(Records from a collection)
--- --- ---
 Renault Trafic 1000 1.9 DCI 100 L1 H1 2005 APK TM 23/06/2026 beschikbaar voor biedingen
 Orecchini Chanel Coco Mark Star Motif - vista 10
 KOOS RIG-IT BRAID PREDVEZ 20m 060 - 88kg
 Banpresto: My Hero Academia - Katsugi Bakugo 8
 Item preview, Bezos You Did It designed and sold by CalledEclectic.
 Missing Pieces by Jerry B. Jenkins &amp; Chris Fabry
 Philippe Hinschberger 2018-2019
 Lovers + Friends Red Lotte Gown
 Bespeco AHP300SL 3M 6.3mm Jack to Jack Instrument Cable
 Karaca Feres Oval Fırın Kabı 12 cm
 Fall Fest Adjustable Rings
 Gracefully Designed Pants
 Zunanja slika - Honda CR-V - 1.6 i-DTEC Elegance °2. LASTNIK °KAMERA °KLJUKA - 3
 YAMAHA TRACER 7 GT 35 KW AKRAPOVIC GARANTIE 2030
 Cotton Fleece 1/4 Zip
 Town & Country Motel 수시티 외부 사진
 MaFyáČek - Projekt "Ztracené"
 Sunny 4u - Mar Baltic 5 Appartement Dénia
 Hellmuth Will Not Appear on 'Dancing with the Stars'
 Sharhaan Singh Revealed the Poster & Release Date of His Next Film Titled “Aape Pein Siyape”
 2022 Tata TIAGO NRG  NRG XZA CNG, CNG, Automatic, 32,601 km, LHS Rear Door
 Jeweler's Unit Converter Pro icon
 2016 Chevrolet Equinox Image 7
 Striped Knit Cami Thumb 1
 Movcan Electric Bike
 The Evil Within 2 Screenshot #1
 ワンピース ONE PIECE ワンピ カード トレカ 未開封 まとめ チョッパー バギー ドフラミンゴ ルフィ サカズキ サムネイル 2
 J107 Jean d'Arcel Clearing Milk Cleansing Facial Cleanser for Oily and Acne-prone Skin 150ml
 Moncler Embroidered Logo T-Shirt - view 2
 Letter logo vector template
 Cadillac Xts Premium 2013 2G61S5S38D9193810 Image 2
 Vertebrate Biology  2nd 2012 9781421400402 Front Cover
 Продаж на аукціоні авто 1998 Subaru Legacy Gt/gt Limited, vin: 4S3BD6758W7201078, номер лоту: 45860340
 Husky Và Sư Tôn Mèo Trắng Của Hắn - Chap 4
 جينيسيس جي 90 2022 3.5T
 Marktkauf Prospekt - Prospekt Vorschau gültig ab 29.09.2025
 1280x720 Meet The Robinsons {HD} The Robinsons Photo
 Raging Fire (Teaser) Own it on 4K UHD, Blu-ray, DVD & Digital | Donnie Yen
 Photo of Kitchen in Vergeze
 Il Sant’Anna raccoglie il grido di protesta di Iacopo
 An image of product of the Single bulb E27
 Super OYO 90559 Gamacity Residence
--- --- ---
Using the records above, determine how many lines hold the word "Photo", and answer with that figure only.

Expected output: 2